• Task brief
Under this line is a listing; return exactly the lines starting at the one with "2021 RAM 1500" and running down to the one with "Wellco Cable 1.5mm", and leave out its pictures.

• Exercise input
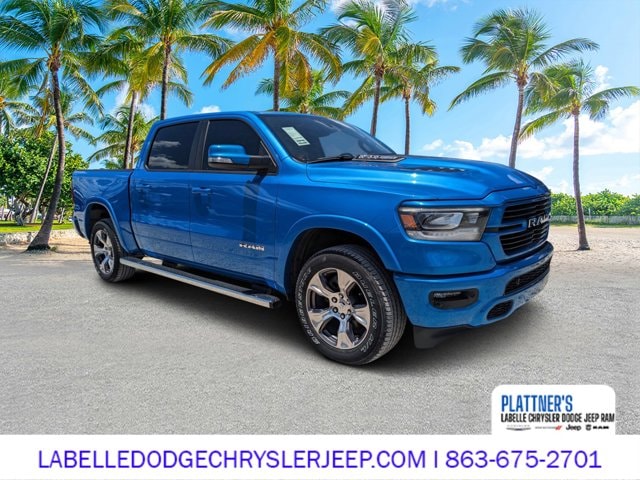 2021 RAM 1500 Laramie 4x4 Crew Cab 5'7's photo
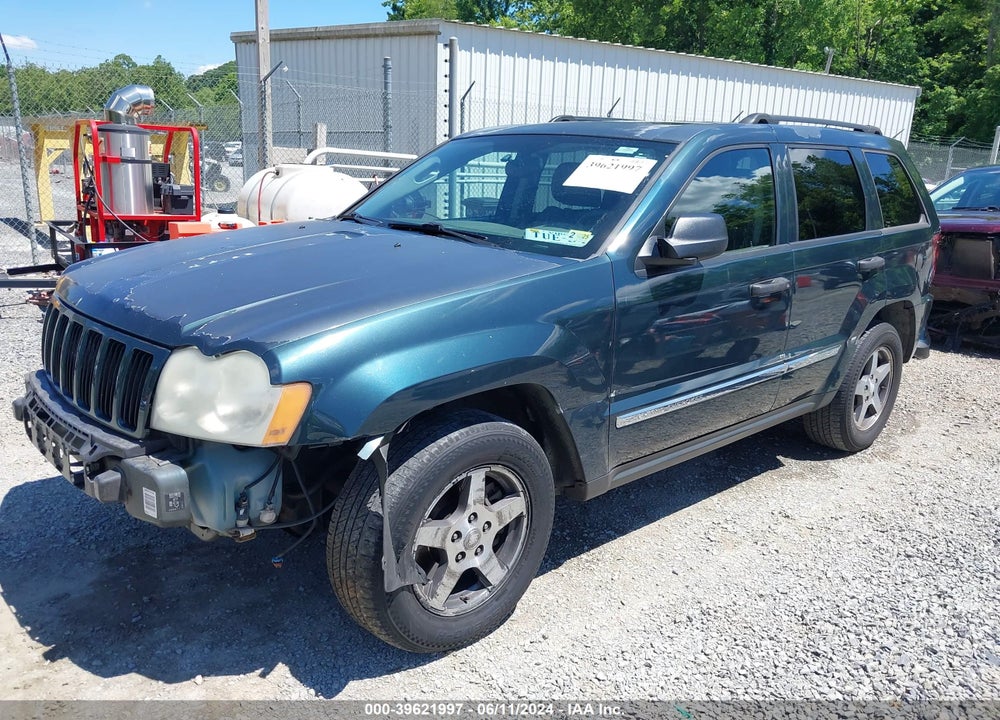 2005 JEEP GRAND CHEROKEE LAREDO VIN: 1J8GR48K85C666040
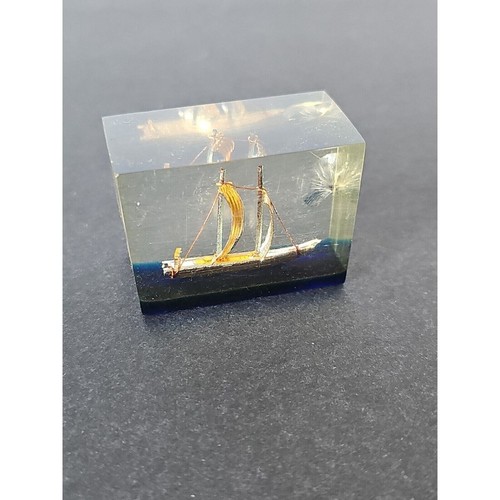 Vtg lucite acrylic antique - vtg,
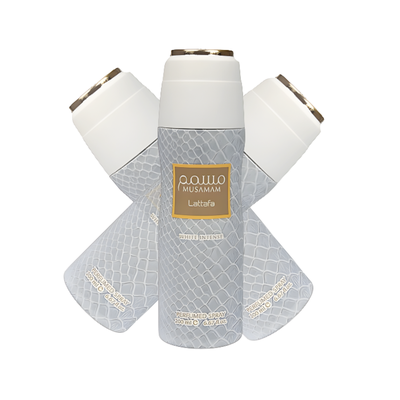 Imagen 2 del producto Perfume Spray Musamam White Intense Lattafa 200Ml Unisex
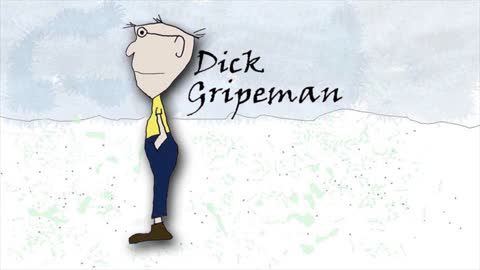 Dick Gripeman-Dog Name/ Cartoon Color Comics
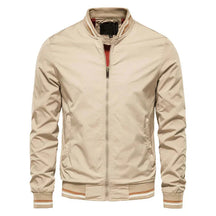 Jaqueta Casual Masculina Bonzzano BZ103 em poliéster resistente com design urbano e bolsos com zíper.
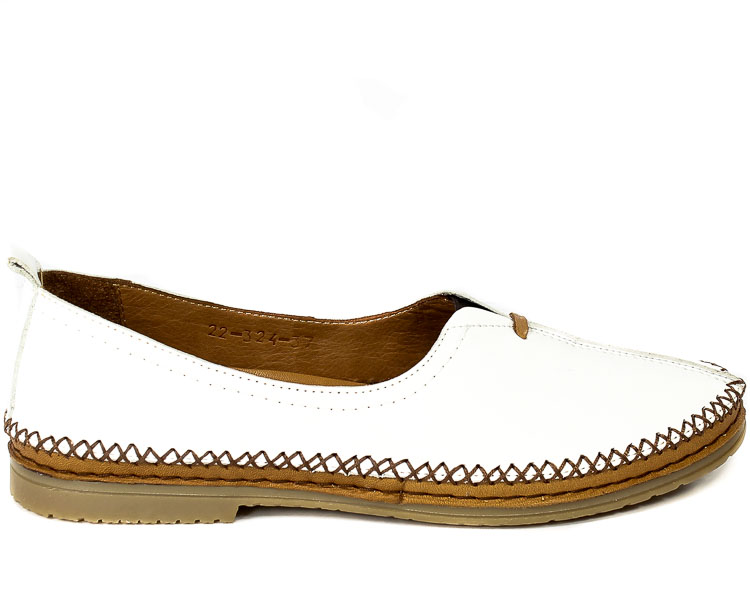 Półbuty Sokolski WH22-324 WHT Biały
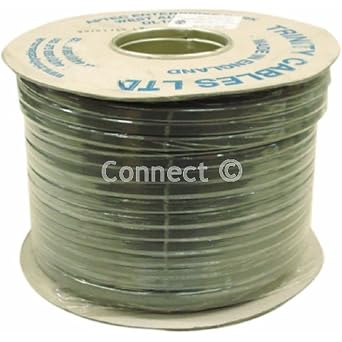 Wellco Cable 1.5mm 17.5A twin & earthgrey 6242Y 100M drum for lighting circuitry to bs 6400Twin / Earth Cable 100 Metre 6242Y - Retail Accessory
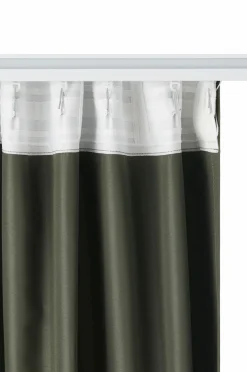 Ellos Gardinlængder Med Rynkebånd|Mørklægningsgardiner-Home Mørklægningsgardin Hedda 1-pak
...
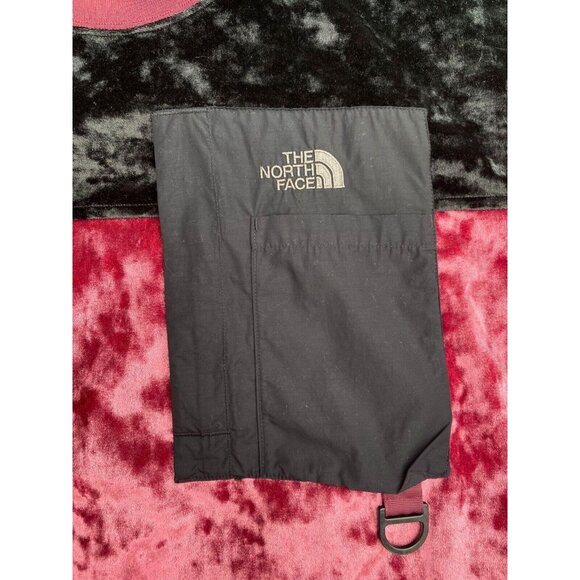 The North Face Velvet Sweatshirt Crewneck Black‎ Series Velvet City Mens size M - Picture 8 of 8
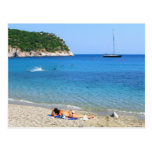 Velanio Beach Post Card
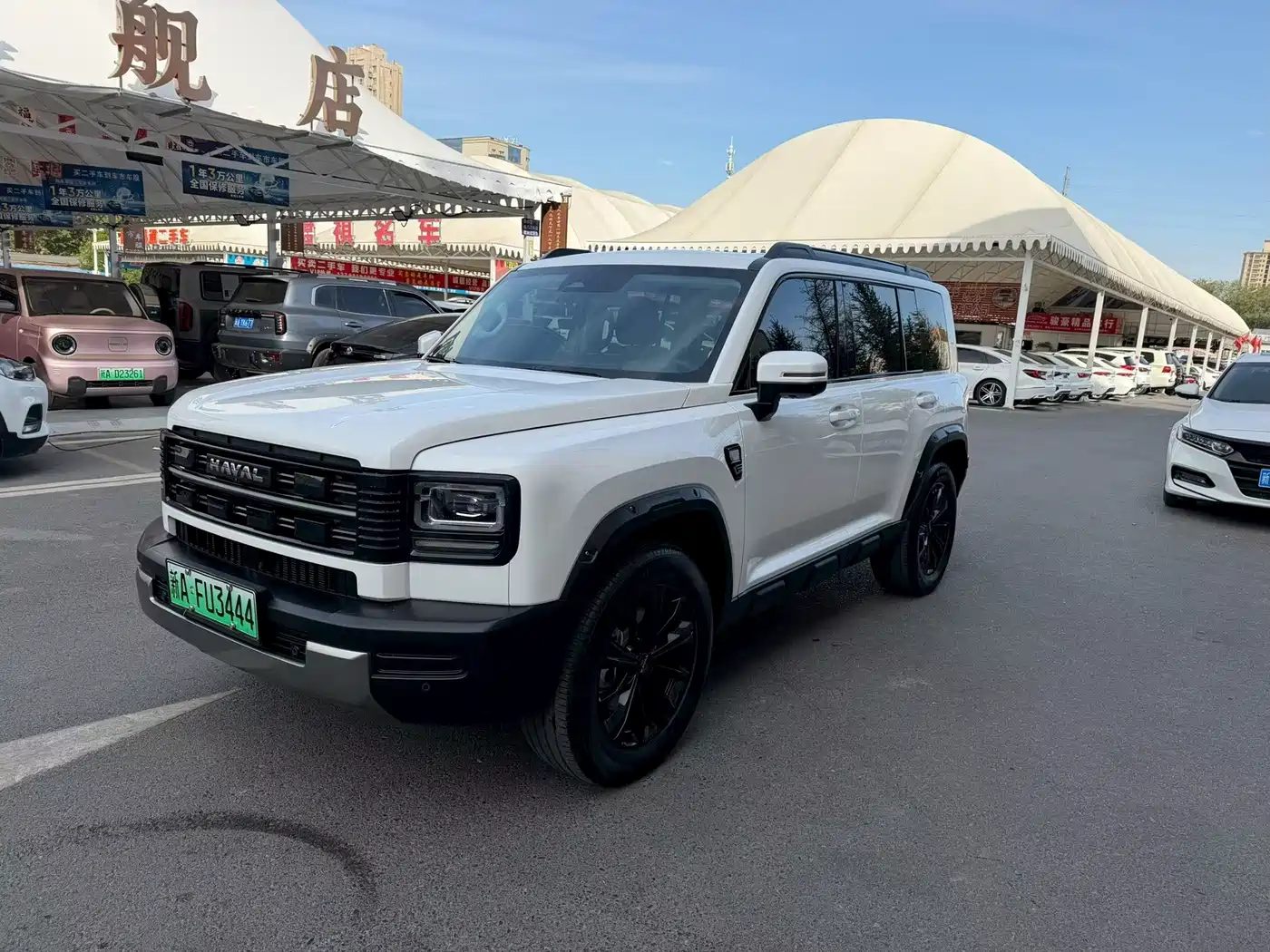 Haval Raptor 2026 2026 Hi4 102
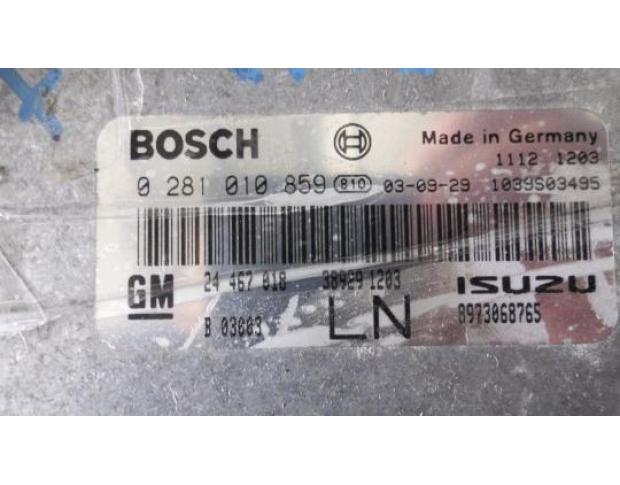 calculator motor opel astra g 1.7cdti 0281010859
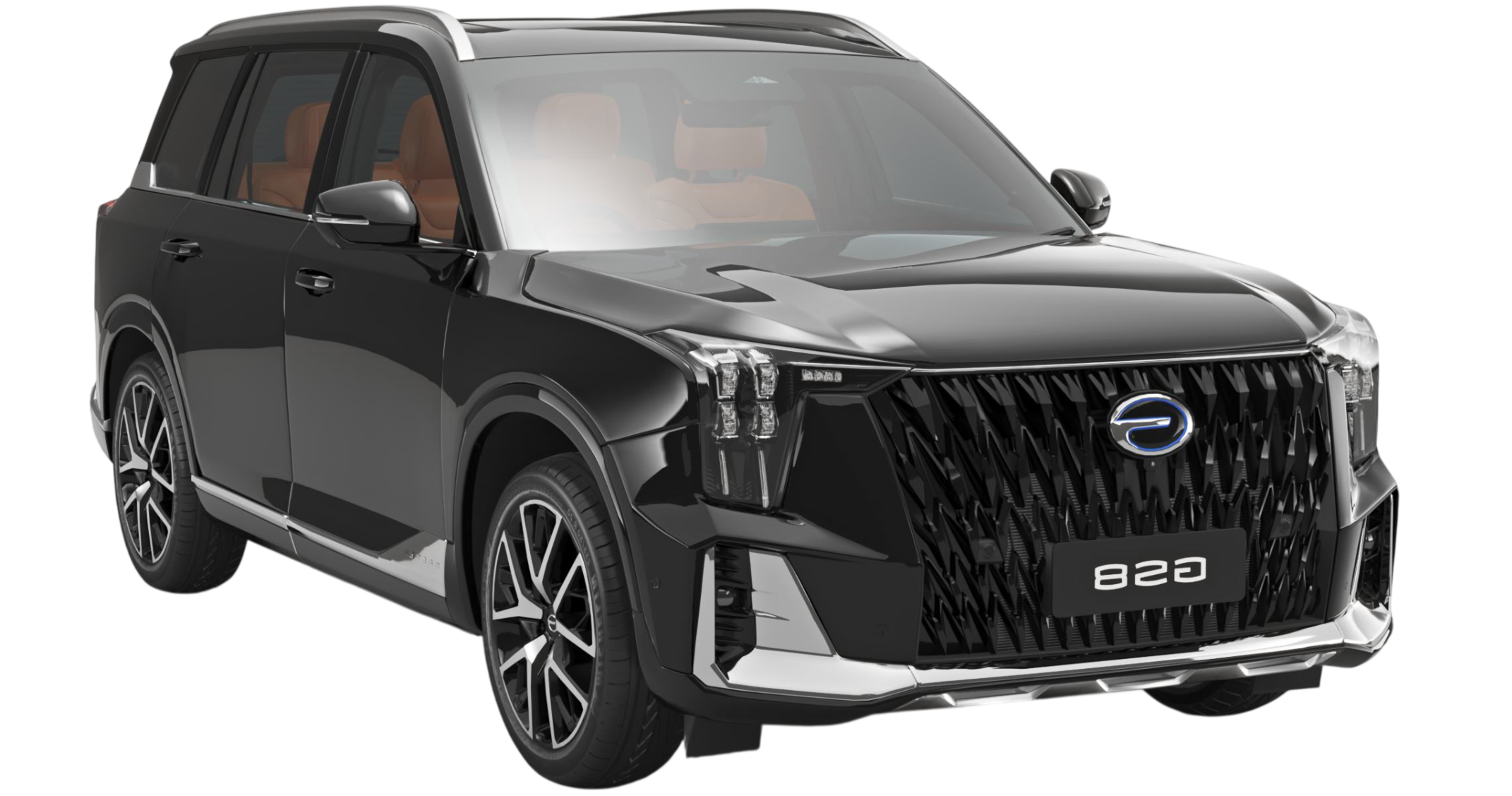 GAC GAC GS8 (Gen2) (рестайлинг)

• Result
 2021 RAM 1500 Laramie 4x4 Crew Cab 5'7's photo
 2005 JEEP GRAND CHEROKEE LAREDO VIN: 1J8GR48K85C666040
 Vtg lucite acrylic antique - vtg,
 Imagen 2 del producto Perfume Spray Musamam White Intense Lattafa 200Ml Unisex
 Dick Gripeman-Dog Name/ Cartoon Color Comics
 Jaqueta Casual Masculina Bonzzano BZ103 em poliéster resistente com design urbano e bolsos com zíper.
 Półbuty Sokolski WH22-324 WHT Biały
 Wellco Cable 1.5mm 17.5A twin & earthgrey 6242Y 100M drum for lighting circuitry to bs 6400Twin / Earth Cable 100 Metre 6242Y - Retail Accessory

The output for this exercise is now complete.